=== Material to process ===
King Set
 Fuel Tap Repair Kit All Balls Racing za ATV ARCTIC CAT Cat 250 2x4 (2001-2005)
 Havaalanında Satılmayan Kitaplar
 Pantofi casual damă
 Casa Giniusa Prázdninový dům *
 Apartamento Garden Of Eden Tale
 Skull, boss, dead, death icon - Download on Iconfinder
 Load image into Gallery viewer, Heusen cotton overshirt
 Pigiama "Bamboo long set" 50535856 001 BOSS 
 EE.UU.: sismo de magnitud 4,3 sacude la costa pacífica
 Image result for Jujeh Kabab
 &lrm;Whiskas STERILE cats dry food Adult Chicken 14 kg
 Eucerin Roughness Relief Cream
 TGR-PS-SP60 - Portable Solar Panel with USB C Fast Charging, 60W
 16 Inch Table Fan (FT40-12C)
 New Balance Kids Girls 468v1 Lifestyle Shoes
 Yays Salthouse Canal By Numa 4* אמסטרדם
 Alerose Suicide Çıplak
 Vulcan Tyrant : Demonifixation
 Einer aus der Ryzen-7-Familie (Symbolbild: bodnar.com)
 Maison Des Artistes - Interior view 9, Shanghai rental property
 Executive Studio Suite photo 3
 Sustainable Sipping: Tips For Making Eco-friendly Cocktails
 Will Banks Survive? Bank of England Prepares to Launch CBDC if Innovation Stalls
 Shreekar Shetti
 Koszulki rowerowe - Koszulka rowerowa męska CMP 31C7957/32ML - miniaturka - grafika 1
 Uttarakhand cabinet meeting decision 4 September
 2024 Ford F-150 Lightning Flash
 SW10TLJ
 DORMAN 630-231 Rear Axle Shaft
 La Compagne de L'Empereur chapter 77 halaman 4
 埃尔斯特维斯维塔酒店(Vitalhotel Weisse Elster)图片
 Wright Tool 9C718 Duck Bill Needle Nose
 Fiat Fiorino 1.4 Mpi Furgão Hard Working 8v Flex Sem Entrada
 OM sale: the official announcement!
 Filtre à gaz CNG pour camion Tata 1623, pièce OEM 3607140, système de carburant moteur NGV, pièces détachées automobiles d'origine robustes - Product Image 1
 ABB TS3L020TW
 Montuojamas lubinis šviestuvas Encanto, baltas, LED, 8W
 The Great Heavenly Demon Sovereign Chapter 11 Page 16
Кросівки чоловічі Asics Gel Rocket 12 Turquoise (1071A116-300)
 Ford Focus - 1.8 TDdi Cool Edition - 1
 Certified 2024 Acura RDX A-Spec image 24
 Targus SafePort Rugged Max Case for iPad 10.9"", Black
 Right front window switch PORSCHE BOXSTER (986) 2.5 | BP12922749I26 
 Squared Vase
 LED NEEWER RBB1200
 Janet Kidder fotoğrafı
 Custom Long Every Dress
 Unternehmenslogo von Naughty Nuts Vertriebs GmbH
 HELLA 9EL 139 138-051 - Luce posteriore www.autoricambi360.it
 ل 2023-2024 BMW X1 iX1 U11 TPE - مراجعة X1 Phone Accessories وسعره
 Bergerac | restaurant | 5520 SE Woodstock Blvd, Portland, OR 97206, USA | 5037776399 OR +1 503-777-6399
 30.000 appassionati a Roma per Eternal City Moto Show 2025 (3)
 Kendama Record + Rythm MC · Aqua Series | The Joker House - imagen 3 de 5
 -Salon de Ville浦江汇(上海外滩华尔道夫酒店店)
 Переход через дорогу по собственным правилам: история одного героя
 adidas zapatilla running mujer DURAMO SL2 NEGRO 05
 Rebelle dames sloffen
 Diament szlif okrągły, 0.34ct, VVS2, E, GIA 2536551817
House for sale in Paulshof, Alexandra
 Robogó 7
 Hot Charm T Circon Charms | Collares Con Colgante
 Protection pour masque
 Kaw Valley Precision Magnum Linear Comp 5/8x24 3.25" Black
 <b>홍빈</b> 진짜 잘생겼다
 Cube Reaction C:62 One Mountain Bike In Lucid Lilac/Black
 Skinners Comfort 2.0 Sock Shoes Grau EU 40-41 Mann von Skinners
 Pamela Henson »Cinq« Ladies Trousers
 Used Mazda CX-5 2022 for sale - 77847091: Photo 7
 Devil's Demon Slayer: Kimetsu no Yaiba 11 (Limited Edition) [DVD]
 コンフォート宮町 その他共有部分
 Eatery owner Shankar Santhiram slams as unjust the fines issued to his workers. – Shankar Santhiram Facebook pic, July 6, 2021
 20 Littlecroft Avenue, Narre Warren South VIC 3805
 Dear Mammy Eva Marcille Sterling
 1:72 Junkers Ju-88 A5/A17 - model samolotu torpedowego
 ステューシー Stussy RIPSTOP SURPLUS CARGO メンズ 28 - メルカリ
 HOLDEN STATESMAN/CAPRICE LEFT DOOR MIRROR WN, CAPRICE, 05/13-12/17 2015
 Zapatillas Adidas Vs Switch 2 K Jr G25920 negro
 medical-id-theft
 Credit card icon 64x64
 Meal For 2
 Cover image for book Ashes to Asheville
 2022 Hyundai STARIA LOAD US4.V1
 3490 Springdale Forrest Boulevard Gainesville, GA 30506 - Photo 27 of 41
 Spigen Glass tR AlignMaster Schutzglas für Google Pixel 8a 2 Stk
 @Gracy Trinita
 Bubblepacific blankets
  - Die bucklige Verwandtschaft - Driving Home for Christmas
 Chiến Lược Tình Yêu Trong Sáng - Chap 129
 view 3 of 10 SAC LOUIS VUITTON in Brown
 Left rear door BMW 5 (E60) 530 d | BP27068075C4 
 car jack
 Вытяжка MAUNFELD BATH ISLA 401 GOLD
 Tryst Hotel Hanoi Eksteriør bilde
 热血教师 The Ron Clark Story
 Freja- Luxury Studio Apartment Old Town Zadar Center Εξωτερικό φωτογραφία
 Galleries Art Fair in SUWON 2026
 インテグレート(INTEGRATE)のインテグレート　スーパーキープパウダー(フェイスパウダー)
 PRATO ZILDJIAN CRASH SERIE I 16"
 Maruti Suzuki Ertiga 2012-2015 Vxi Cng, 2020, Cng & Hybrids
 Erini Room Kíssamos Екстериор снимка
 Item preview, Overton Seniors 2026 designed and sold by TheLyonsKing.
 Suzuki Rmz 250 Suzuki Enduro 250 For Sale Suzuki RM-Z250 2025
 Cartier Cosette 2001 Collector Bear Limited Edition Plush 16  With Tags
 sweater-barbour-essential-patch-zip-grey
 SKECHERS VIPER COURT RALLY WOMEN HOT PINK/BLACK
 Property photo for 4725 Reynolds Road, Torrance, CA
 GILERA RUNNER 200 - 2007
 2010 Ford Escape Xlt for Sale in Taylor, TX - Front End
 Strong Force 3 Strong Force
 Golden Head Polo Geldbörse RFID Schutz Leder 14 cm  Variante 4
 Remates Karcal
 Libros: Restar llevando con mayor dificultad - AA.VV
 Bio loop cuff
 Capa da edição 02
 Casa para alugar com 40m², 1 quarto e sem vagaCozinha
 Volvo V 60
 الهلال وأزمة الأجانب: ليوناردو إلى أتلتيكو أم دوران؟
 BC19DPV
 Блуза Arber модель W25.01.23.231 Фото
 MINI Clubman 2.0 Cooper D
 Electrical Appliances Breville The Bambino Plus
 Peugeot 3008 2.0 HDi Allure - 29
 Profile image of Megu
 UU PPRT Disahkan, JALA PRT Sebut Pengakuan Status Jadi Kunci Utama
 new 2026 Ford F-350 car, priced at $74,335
===
## Task objective
Filter the data for the string "Ford". Copy each matching line.

## Output for this exercise
 2024 Ford F-150 Lightning Flash
 Ford Focus - 1.8 TDdi Cool Edition - 1
 2010 Ford Escape Xlt for Sale in Taylor, TX - Front End
 new 2026 Ford F-350 car, priced at $74,335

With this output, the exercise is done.